Николай Японский. Окончание

Тина Гай 2
Николай Японский, приехав в страну, сразу понял:  цветов не будет,  будет трудный и мучительный путь. Спустя тридцать лет своего миссионерского служения, он напишет:


«постоянная гнетущая мысль: будет ли в самом деле какая-то польза из всех этих трат на миссию? Боже, мысль эта может… свести с ума…! И мысль эта гнетет меня – она и есть то мучение, которое заставляет меня сравнивать себя с мучениками – без надежды мучеников на будущее».


Были и другие мысли, которые изматывали его: «Почему я не выбрал другое служение и стал монахом, лишив себя семейного счастья?» «Разве в России я бы не нашел применения своим силам?» Тем более это было мучительным, что его все отговаривали принимать монашество и ехать в Японию. Все, до единого.


Первые восемь лет, следуя совету Владыки Иннокентия, Николай Японский изучает японский язык, параллельно - английский, необходимый для переводов богослужебных текстов и Библии. Он посещает частную школу, изучает литературу и историю Японии, конфуцианство  буддизм, синтоизм, ходит в языческие храмы, становится участником литературных собраний.
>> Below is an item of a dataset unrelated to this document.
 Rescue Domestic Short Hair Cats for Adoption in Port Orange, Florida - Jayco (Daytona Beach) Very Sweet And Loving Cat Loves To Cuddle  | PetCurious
Ему надо было узнать веру, ментальность, язык японцев, погрузиться в их дух, историю и религию, понять, возможно ли вообще здесь евангельское просвещение и разговор на понятном им языке.


Николай Японский работает по четырнадцать часов в сутки, в совершенстве овладевает японским разговорным и литературным. Через семь лет у него появились ученики и последователи. Первым из них стал бывший самурай, у которого было всё: красавица-жена, хороший доход, семейное счастье, уважение в народе.

 
Николай Японский 9в центре), Павел Савабэ (слева) и Иоанн Сакаи (справа)
Но ему стало интересно слушать о. Николая и он поверил ему. Через некоторое время произошло первое крещение - самурая и жреца Савабэ с именем Павел. За ним пришли трое других.


Первые обращенные проходили и первые жестокие жизненные испытания. В семье Павла Савабэ  сошла с ума жена, которая в припадке сумасшествия сожгла дом, он попал в тюрьму и малолетний сын вынужден был стать кормильцем семьи.


Так тяжело складывалась миссия. Но через десять лет у Николая Японского уже было моральное право ехать в Россию и просить официально открыть духовную миссию в Японии. Ему разрешили.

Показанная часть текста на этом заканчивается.